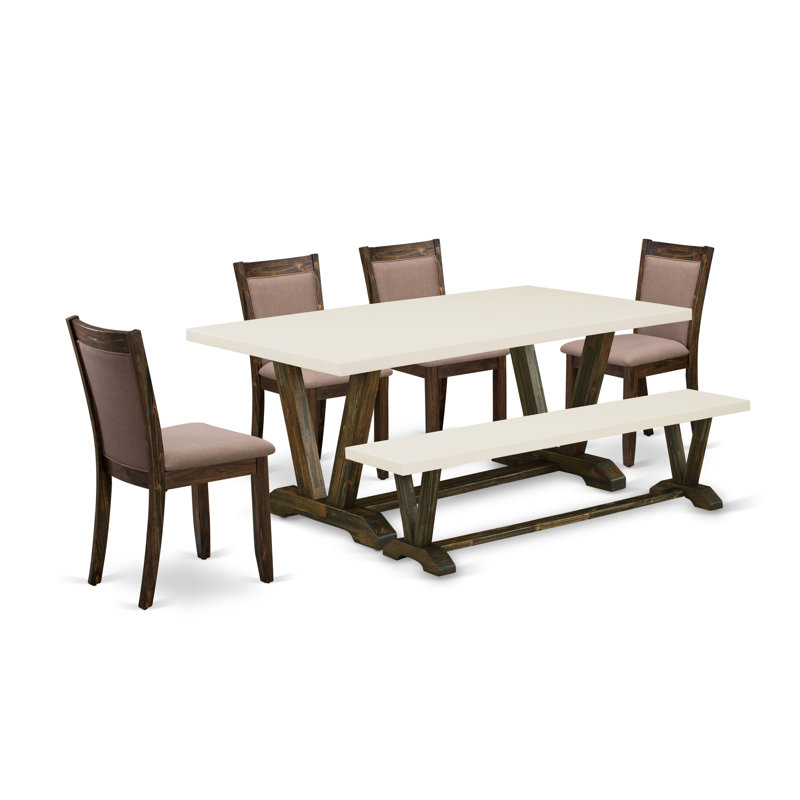 Ensemble de 6 pièces - table de salle à manger avec dessus en lin blanc et base en tréteaux avec banc en bois et 4 chaises de salle à manger en tissu de lin - Finition jacobine patinée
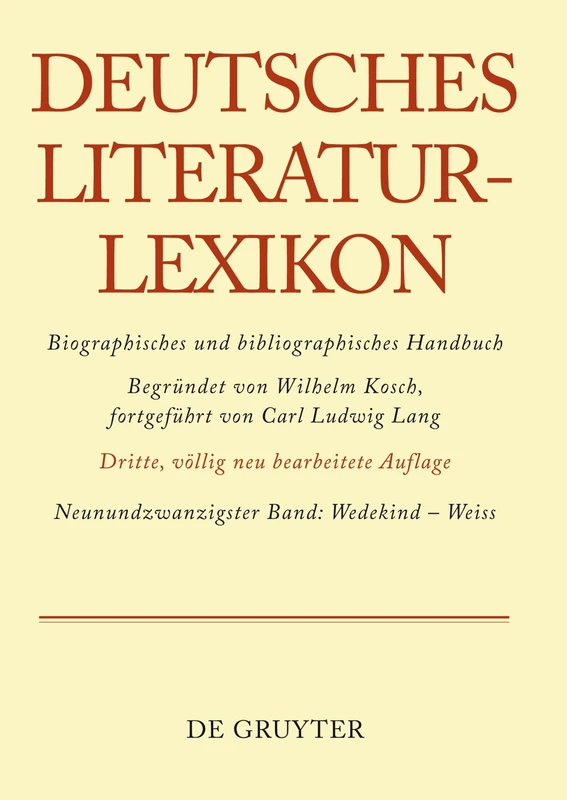 Wedekind - Weiss: Biographisches und bibliographisches Handbuch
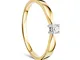 Orovi, anello di fidanzamento da donna, solitario in oro bicolore 14 carati (585) con diam...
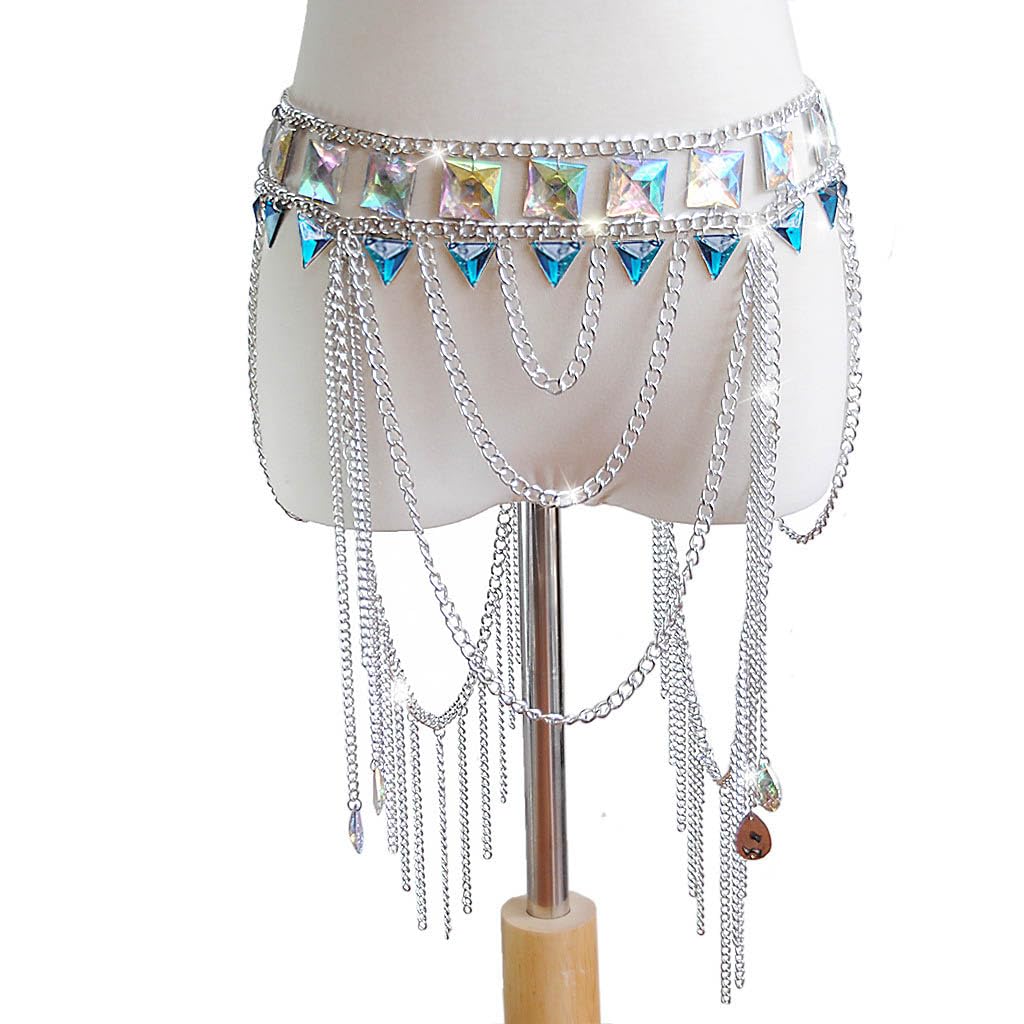 Rhinestone Body Chain - Boho Crystal Waist Belly Chain for Women | Festival Jewelry, Rave Outfit Accessory | Perfect for Music Festivals, Beach Parties & Bachelorette Events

* * *

* Task description *
Every line from the start of the material through the line holding "Wedekind - Weiss: Biographisches" must be returned exactly, and the pictures must not.

* Written answer *
 Ensemble de 6 pièces - table de salle à manger avec dessus en lin blanc et base en tréteaux avec banc en bois et 4 chaises de salle à manger en tissu de lin - Finition jacobine patinée
 Wedekind - Weiss: Biographisches und bibliographisches Handbuch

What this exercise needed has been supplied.